== Segment start ==

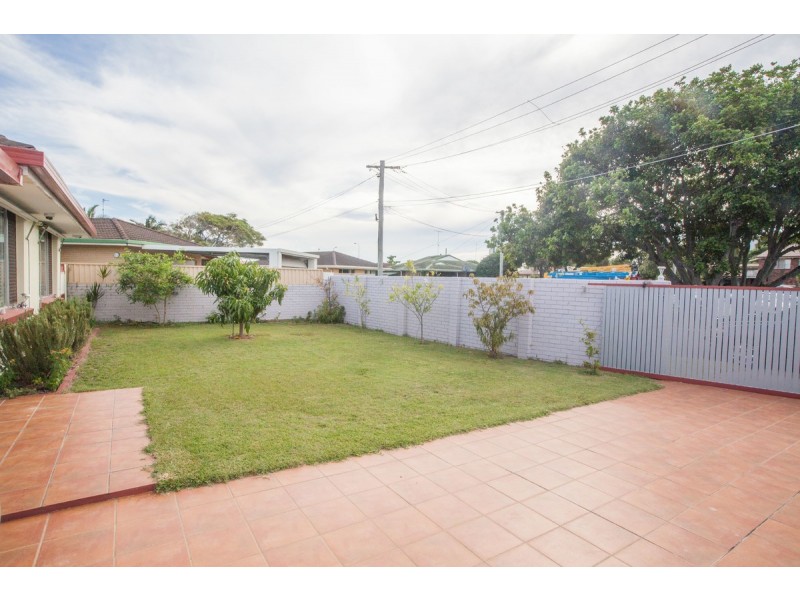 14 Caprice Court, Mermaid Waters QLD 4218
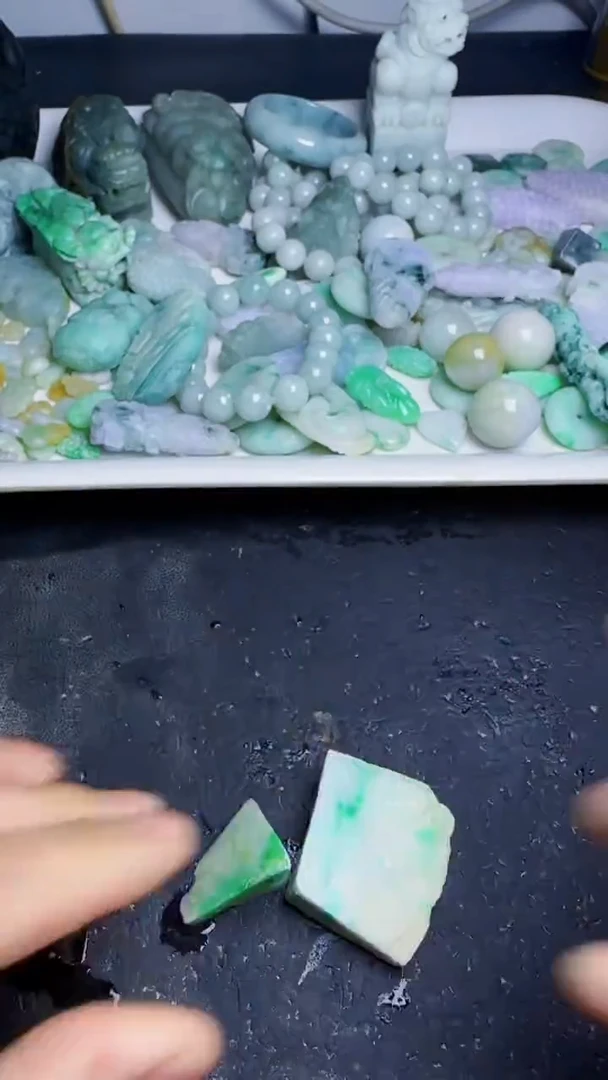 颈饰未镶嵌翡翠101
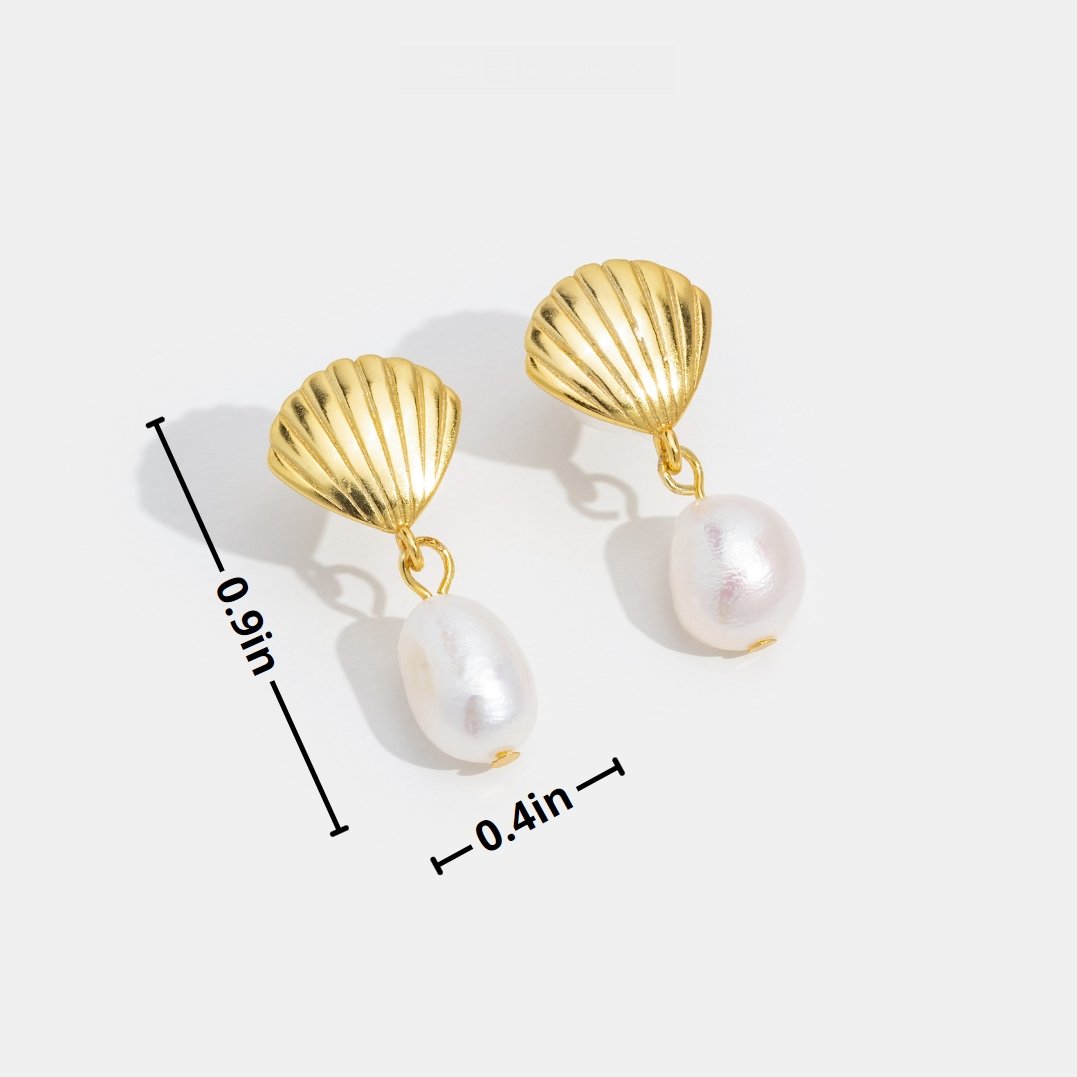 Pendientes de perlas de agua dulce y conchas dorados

== Segment end ==
== Segment start ==

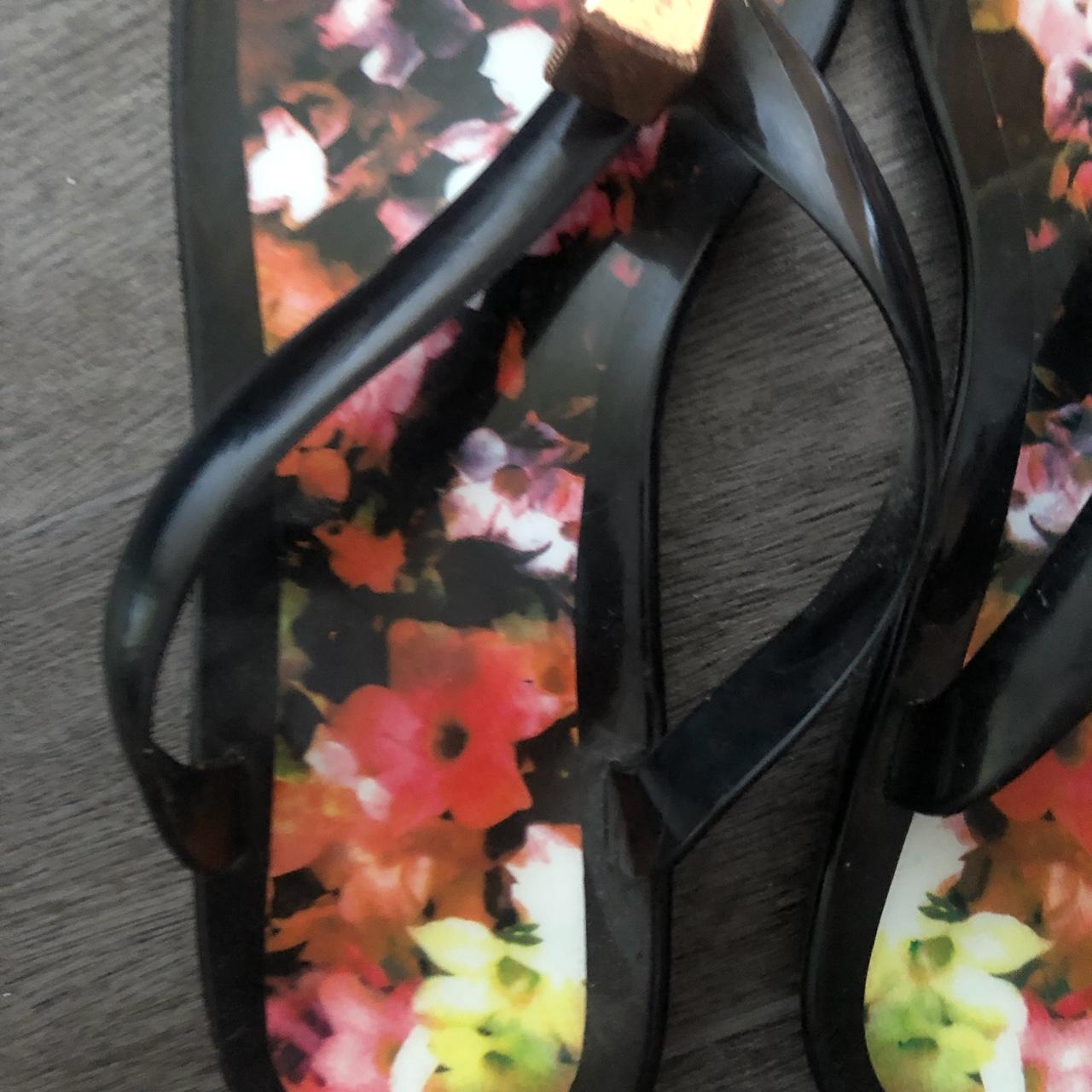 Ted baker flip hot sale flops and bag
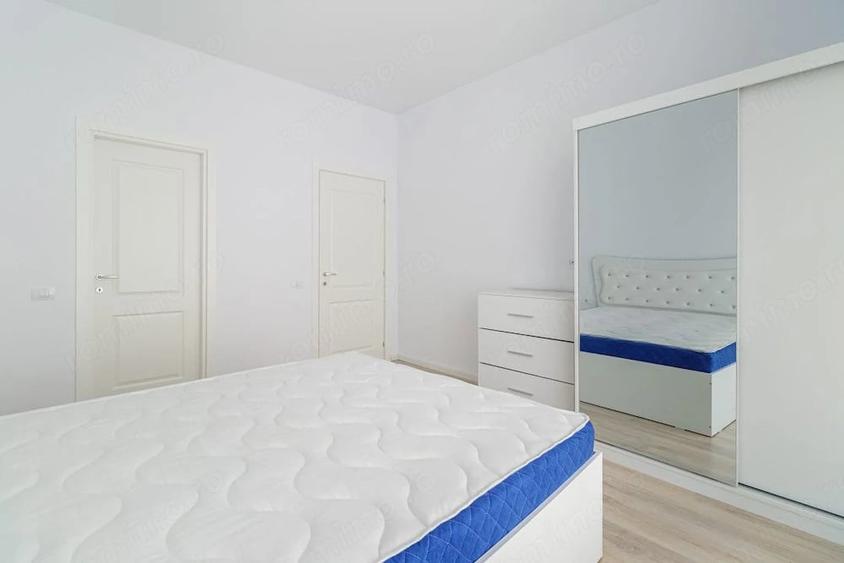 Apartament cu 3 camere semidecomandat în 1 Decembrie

== Segment end ==
== Segment start ==

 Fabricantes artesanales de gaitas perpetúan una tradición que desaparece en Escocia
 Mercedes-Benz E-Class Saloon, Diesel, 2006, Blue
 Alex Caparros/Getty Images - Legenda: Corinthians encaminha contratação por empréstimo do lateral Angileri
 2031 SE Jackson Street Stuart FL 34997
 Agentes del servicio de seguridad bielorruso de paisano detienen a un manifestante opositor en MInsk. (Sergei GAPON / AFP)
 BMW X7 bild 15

== Segment end ==

-- PROBLEM DESCRIPTION --
Among the entries above, find the line with "14 Caprice Court, Mermaid Waters QLD 4218" and repeat exactly from there through the line with "Pendientes de perlas", leaving out the pictures.

-- REPLY TO THE TASK --
 14 Caprice Court, Mermaid Waters QLD 4218
 颈饰未镶嵌翡翠101
 Pendientes de perlas de agua dulce y conchas dorados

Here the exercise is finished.